There’s an old warning about betting against the market: “the market can remain irrational for longer than you can remain solvent”. The odds have been favoring the downside for a few years now (I don’t know if it’s as long as 5-6). How long the market can continue to rise is anyone’s guess. But it could turn any time, and you don’t want to be heavily leveraged when that happens.

FWIW, the sample size would be pretty big. The 15 year periods would be overlapping, e.g. 1993-2008 would be one period and 1994-2009 would be another, and so on. I suspect there are quite a lot of such periods.

But I don’t think it’s worth much. My point is that at this particular time the odds are tilted to the downside. If you limited your study to 15 year periods which began with the markets close to all-time highs, I suspect you would have a pretty high percentage failing to meet that target. More importantly, if you also limited it to periods where the starting interest rates were close to all-time lows, it would be a lot higher. (I’m not sure if historically these two things every happened at the same time. Generally high stock prices correlate with a strong economy which correlates with high interest rates. At this time the rates are artificially low due to Fed monetary policy, but I believe this combination is highly unusual or perhaps unique.)

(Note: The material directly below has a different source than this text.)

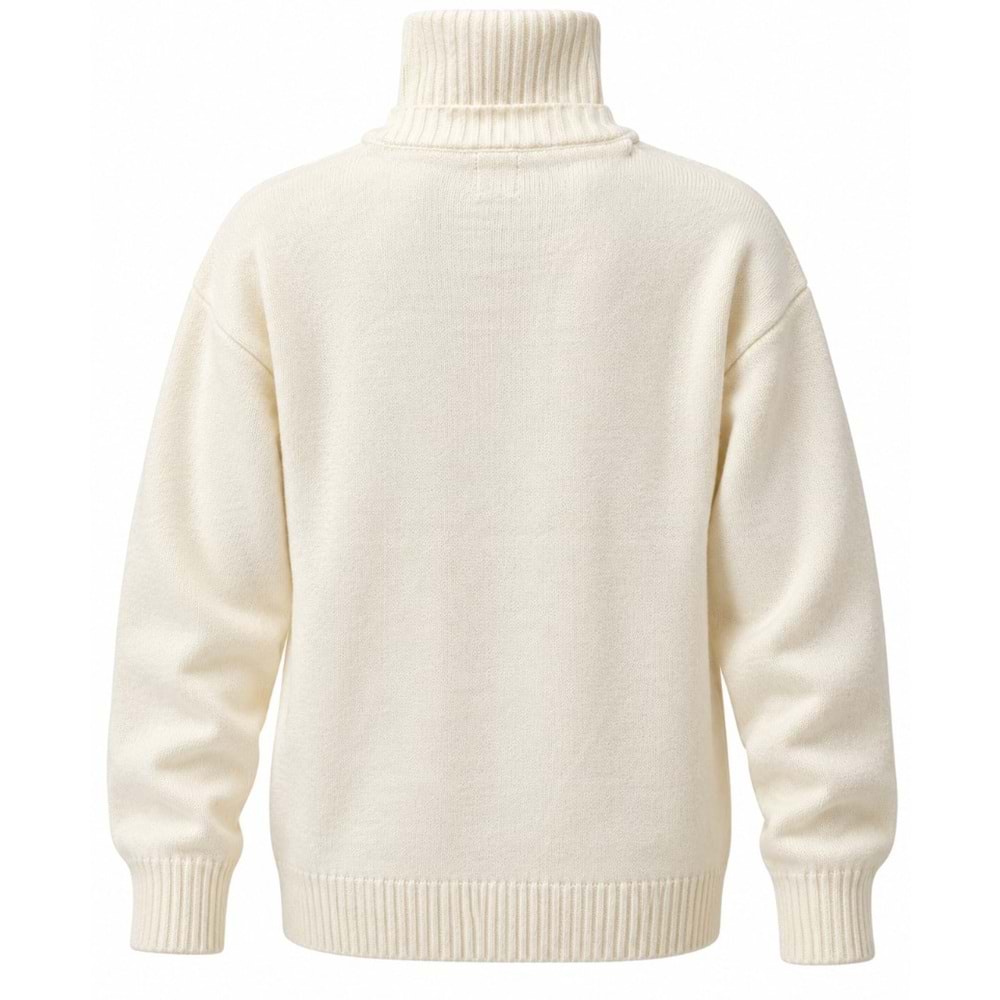 Mavi M0720031-70057 Mavi Yarım Fermuarlı Koyun Yünü Kazak Sweatshirt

Not that I think everyone needs to take all their money out right now (I myself have considerable funds in the market at this time and am taking a very long-term view of this). But I think for someone who doesn’t currently have a portfolio and who is not an experienced investor, this would not be the time to keep a definite debt in exchange for a risky portfolio.

Except in your scenario 2 you might end up with a fully-paid for house but little spare cash and have difficulty securing a mortgage on it (because you’re not employed).